It's not uncommon for people with lung infections and disease to end up in the hospital. Bacteria that interrupts breathing can be dangerous, even fatal. And a diagnosis can take time.
"So usually what we do is we collect sputum from the patients. We ask them to cough up whatever they can cough up and it gets sent to the microbiology lab at the hospital and then time, energy and effort is spent culturing the bacteria and then it takes us a couple of days at least and in the case of tuberculosis, even a couple of weeks before we have information as to whether particular bacteria is going to grow," said Dr. Laurie Leclair, a lung specialist at UVM-FAHC.
But that may change thanks to research at the University of Vermont's College of Medicine and its School of Engineering, where Dr. Jane Hill has developed a breath test that can diagnose lung infections in less than a minute. Just like police can nab a criminal with a fingerprint, doctors may be able to nab bacteria with a breath print.
"It's a collaborative effort between Dr. Hill and myself and it really started out outside of the University of Vermont with people being very interested in a very rapid way to understand what kind of bugs are living in someone's lungs," Leclair said.
In the lab, they're looking at different compounds in the breath, and they've found significant differences between infected and uninfected mice. The next step will be clinical trials at UVM and other academic medical centers, and if effective, doctors call the breath test a breakthrough in detecting disease-causing bacteria.
"I think it has big implications in the intensive care unit where people can get infections while on breathing machines and certainly in the area of tuberculosis and other lung infections as well," Leclair said.
A final answer won't come for another 7-10 years after clinical trials wrap up, but researchers at UVM are optimistic their breath test will mean a faster, easier non-invasive method for diagnosing disease.

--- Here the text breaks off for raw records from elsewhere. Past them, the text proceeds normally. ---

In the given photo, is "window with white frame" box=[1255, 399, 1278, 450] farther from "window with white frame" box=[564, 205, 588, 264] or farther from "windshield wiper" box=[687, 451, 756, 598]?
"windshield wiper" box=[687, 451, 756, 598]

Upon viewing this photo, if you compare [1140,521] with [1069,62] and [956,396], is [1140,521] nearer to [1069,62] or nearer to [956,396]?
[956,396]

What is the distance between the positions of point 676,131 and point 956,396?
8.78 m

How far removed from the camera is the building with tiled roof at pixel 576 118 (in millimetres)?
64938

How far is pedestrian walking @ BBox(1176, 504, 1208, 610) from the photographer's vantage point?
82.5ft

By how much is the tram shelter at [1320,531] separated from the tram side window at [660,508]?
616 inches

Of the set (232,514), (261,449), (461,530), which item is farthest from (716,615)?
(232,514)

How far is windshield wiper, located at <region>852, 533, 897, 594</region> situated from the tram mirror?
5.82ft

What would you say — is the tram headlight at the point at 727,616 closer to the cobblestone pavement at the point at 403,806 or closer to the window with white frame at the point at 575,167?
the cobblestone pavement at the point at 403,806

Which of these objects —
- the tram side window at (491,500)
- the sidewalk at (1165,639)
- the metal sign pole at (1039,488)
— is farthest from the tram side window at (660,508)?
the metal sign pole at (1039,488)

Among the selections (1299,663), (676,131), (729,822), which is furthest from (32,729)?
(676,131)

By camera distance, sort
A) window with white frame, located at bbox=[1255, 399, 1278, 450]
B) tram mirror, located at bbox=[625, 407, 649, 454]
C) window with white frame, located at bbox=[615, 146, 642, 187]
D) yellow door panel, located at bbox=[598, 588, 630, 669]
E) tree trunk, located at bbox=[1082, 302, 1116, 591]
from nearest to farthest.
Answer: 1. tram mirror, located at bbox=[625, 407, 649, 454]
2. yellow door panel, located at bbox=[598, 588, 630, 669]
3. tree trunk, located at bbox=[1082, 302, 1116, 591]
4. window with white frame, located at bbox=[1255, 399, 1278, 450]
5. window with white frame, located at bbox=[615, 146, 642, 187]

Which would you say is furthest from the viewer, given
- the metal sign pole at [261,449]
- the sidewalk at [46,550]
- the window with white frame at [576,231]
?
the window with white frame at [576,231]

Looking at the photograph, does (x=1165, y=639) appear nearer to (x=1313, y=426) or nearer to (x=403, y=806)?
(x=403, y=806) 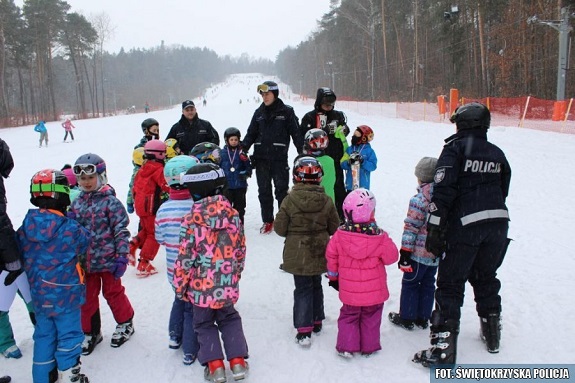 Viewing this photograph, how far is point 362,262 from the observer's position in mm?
3410

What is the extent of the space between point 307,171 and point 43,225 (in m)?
2.12

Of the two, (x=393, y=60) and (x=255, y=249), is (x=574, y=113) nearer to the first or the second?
(x=255, y=249)

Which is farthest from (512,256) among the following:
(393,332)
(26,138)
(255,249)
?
(26,138)

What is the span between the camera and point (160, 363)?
3570 millimetres

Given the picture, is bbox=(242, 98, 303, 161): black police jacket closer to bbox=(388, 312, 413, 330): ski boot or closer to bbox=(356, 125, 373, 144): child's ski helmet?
bbox=(356, 125, 373, 144): child's ski helmet

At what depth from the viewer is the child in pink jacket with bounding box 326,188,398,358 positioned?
11.0ft

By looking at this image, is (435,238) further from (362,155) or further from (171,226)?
(362,155)

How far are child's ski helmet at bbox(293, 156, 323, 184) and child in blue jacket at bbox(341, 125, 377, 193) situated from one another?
2.43 m

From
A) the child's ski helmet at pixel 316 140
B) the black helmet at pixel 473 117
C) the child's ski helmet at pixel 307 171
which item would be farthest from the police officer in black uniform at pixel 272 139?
the black helmet at pixel 473 117

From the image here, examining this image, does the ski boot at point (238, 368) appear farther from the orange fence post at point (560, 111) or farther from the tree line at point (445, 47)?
the tree line at point (445, 47)

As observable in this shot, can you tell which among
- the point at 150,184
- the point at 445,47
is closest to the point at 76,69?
the point at 445,47

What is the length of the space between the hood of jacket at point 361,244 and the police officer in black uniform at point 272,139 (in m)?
3.10

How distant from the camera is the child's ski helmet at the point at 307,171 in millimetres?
3789

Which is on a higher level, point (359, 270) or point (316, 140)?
point (316, 140)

The researchers have published their work in the Journal of Breath Research. Here is the full reference and abstract:
Detecting bacterial lung infections: in vivo evaluation of in vitro volatile fingerprints. Jiangjiang Zhu, Heather D Bean, Matthew J Wargo, Laurie W Leclair and Jane E Hill. J. Breath Res. 7 (2013).
The identification of bacteria by their volatilomes is of interest to many scientists and clinicians as it holds the promise of diagnosing infections in situ, particularly lung infections via breath analysis. While there are many studies reporting various bacterial volatile biomarkers or fingerprints using in vitro experiments, it has proven difficult to translate these data to in vivo breath analyses. Therefore, we aimed to create secondary electrospray ionization-mass spectrometry (SESI-MS) pathogen fingerprints directly from the breath of mice with lung infections. In this study we demonstrated that SESI-MS is capable of differentiating infected versus uninfected mice, P. aeruginosa-infected versus S. aureus-infected mice, as well as distinguish between infections caused by P. aeruginosa strains PAO1 versus FRD1, with statistical significance (p < 0.05). In addition, we compared in vitro and in vivo volatiles and observed that only 25–34% of peaks are shared between the in vitro and in vivo SESI-MS fingerprints. To the best of our knowledge, these are the first breath volatiles measured for P. aeruginosa PAO1, FRD1, and S. aureus RN450, and the first comparison of in vivo and in vitro volatile profiles from the same strains using the murine infection model.